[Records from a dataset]
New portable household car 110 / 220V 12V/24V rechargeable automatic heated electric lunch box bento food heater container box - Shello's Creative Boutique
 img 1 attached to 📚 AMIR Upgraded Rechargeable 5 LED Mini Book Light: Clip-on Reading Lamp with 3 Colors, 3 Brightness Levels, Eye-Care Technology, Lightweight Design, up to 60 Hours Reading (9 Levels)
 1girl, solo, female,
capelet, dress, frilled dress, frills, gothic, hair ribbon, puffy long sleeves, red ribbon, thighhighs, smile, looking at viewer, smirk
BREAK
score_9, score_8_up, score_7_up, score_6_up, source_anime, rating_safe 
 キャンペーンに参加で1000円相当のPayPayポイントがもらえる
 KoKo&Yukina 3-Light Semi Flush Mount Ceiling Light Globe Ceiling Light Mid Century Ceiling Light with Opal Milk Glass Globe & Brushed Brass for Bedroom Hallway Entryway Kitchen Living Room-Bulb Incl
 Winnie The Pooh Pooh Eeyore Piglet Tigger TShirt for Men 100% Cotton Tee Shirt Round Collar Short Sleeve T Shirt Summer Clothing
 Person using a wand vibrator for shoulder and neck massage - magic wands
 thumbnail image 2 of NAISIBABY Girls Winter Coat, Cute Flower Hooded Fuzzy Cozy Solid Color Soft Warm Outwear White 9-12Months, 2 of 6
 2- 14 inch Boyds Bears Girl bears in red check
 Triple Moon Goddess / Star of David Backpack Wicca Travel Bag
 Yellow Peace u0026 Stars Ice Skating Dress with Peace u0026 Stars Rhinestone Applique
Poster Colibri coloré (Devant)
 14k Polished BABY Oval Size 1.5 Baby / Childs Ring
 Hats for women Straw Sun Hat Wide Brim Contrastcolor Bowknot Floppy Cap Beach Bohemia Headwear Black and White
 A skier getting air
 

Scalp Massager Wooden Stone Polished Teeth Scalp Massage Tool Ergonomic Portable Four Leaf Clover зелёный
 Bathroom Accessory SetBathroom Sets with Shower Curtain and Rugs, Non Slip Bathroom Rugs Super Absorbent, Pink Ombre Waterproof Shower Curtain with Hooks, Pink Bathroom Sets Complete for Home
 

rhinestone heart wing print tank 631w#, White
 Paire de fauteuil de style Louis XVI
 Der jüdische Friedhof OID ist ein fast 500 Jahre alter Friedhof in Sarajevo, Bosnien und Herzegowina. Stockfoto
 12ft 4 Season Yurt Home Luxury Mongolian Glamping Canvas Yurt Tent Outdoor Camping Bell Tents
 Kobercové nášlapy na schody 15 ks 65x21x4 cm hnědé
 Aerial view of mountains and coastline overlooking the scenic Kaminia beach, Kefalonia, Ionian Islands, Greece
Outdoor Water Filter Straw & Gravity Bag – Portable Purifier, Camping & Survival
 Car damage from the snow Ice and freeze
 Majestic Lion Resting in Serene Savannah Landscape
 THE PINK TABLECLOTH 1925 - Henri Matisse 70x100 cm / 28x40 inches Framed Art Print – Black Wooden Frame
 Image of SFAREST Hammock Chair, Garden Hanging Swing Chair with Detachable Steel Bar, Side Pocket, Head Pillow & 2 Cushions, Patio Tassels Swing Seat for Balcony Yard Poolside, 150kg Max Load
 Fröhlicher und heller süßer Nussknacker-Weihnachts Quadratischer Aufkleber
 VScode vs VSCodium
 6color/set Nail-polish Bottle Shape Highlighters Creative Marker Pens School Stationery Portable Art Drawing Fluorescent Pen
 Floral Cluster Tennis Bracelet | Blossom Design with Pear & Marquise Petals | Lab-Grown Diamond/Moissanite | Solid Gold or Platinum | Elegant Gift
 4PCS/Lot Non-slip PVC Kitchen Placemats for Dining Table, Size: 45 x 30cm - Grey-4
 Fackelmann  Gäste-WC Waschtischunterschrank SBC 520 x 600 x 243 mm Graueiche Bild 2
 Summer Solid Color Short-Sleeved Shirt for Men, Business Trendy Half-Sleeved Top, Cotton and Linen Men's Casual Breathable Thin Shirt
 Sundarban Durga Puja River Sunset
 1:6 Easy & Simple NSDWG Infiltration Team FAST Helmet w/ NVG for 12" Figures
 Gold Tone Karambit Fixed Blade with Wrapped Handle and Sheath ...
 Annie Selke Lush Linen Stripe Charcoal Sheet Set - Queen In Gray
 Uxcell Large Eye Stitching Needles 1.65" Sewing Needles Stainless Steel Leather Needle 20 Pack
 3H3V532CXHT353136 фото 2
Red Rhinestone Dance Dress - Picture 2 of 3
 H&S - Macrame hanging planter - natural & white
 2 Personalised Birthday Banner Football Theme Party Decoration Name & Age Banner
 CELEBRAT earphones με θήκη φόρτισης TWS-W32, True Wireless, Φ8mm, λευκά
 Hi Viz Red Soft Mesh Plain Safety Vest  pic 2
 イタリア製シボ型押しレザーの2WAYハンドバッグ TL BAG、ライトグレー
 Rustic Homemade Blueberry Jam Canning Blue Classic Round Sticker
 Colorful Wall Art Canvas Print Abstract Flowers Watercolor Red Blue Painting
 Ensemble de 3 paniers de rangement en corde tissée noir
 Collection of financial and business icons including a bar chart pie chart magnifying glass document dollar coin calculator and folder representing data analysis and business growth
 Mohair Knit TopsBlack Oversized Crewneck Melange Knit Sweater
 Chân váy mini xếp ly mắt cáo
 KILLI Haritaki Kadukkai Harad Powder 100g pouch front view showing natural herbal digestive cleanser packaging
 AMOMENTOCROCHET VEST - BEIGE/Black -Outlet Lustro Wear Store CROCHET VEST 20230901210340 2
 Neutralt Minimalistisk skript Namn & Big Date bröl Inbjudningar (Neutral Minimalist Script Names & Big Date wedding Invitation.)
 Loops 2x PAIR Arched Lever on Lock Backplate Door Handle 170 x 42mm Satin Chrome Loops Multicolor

TASK REQUIREMENTS:
Nothing in the records may be dropped; reproduce them exactly.

ANSWER BOX:
New portable household car 110 / 220V 12V/24V rechargeable automatic heated electric lunch box bento food heater container box - Shello's Creative Boutique
 img 1 attached to 📚 AMIR Upgraded Rechargeable 5 LED Mini Book Light: Clip-on Reading Lamp with 3 Colors, 3 Brightness Levels, Eye-Care Technology, Lightweight Design, up to 60 Hours Reading (9 Levels)
 1girl, solo, female,
capelet, dress, frilled dress, frills, gothic, hair ribbon, puffy long sleeves, red ribbon, thighhighs, smile, looking at viewer, smirk
BREAK
score_9, score_8_up, score_7_up, score_6_up, source_anime, rating_safe 
 キャンペーンに参加で1000円相当のPayPayポイントがもらえる
 KoKo&Yukina 3-Light Semi Flush Mount Ceiling Light Globe Ceiling Light Mid Century Ceiling Light with Opal Milk Glass Globe & Brushed Brass for Bedroom Hallway Entryway Kitchen Living Room-Bulb Incl
 Winnie The Pooh Pooh Eeyore Piglet Tigger TShirt for Men 100% Cotton Tee Shirt Round Collar Short Sleeve T Shirt Summer Clothing
 Person using a wand vibrator for shoulder and neck massage - magic wands
 thumbnail image 2 of NAISIBABY Girls Winter Coat, Cute Flower Hooded Fuzzy Cozy Solid Color Soft Warm Outwear White 9-12Months, 2 of 6
 2- 14 inch Boyds Bears Girl bears in red check
 Triple Moon Goddess / Star of David Backpack Wicca Travel Bag
 Yellow Peace u0026 Stars Ice Skating Dress with Peace u0026 Stars Rhinestone Applique
Poster Colibri coloré (Devant)
 14k Polished BABY Oval Size 1.5 Baby / Childs Ring
 Hats for women Straw Sun Hat Wide Brim Contrastcolor Bowknot Floppy Cap Beach Bohemia Headwear Black and White
 A skier getting air
 

Scalp Massager Wooden Stone Polished Teeth Scalp Massage Tool Ergonomic Portable Four Leaf Clover зелёный
 Bathroom Accessory SetBathroom Sets with Shower Curtain and Rugs, Non Slip Bathroom Rugs Super Absorbent, Pink Ombre Waterproof Shower Curtain with Hooks, Pink Bathroom Sets Complete for Home
 

rhinestone heart wing print tank 631w#, White
 Paire de fauteuil de style Louis XVI
 Der jüdische Friedhof OID ist ein fast 500 Jahre alter Friedhof in Sarajevo, Bosnien und Herzegowina. Stockfoto
 12ft 4 Season Yurt Home Luxury Mongolian Glamping Canvas Yurt Tent Outdoor Camping Bell Tents
 Kobercové nášlapy na schody 15 ks 65x21x4 cm hnědé
 Aerial view of mountains and coastline overlooking the scenic Kaminia beach, Kefalonia, Ionian Islands, Greece
Outdoor Water Filter Straw & Gravity Bag – Portable Purifier, Camping & Survival
 Car damage from the snow Ice and freeze
 Majestic Lion Resting in Serene Savannah Landscape
 THE PINK TABLECLOTH 1925 - Henri Matisse 70x100 cm / 28x40 inches Framed Art Print – Black Wooden Frame
 Image of SFAREST Hammock Chair, Garden Hanging Swing Chair with Detachable Steel Bar, Side Pocket, Head Pillow & 2 Cushions, Patio Tassels Swing Seat for Balcony Yard Poolside, 150kg Max Load
 Fröhlicher und heller süßer Nussknacker-Weihnachts Quadratischer Aufkleber
 VScode vs VSCodium
 6color/set Nail-polish Bottle Shape Highlighters Creative Marker Pens School Stationery Portable Art Drawing Fluorescent Pen
 Floral Cluster Tennis Bracelet | Blossom Design with Pear & Marquise Petals | Lab-Grown Diamond/Moissanite | Solid Gold or Platinum | Elegant Gift
 4PCS/Lot Non-slip PVC Kitchen Placemats for Dining Table, Size: 45 x 30cm - Grey-4
 Fackelmann  Gäste-WC Waschtischunterschrank SBC 520 x 600 x 243 mm Graueiche Bild 2
 Summer Solid Color Short-Sleeved Shirt for Men, Business Trendy Half-Sleeved Top, Cotton and Linen Men's Casual Breathable Thin Shirt
 Sundarban Durga Puja River Sunset
 1:6 Easy & Simple NSDWG Infiltration Team FAST Helmet w/ NVG for 12" Figures
 Gold Tone Karambit Fixed Blade with Wrapped Handle and Sheath ...
 Annie Selke Lush Linen Stripe Charcoal Sheet Set - Queen In Gray
 Uxcell Large Eye Stitching Needles 1.65" Sewing Needles Stainless Steel Leather Needle 20 Pack
 3H3V532CXHT353136 фото 2
Red Rhinestone Dance Dress - Picture 2 of 3
 H&S - Macrame hanging planter - natural & white
 2 Personalised Birthday Banner Football Theme Party Decoration Name & Age Banner
 CELEBRAT earphones με θήκη φόρτισης TWS-W32, True Wireless, Φ8mm, λευκά
 Hi Viz Red Soft Mesh Plain Safety Vest  pic 2
 イタリア製シボ型押しレザーの2WAYハンドバッグ TL BAG、ライトグレー
 Rustic Homemade Blueberry Jam Canning Blue Classic Round Sticker
 Colorful Wall Art Canvas Print Abstract Flowers Watercolor Red Blue Painting
 Ensemble de 3 paniers de rangement en corde tissée noir
 Collection of financial and business icons including a bar chart pie chart magnifying glass document dollar coin calculator and folder representing data analysis and business growth
 Mohair Knit TopsBlack Oversized Crewneck Melange Knit Sweater
 Chân váy mini xếp ly mắt cáo
 KILLI Haritaki Kadukkai Harad Powder 100g pouch front view showing natural herbal digestive cleanser packaging
 AMOMENTOCROCHET VEST - BEIGE/Black -Outlet Lustro Wear Store CROCHET VEST 20230901210340 2
 Neutralt Minimalistisk skript Namn & Big Date bröl Inbjudningar (Neutral Minimalist Script Names & Big Date wedding Invitation.)
 Loops 2x PAIR Arched Lever on Lock Backplate Door Handle 170 x 42mm Satin Chrome Loops Multicolor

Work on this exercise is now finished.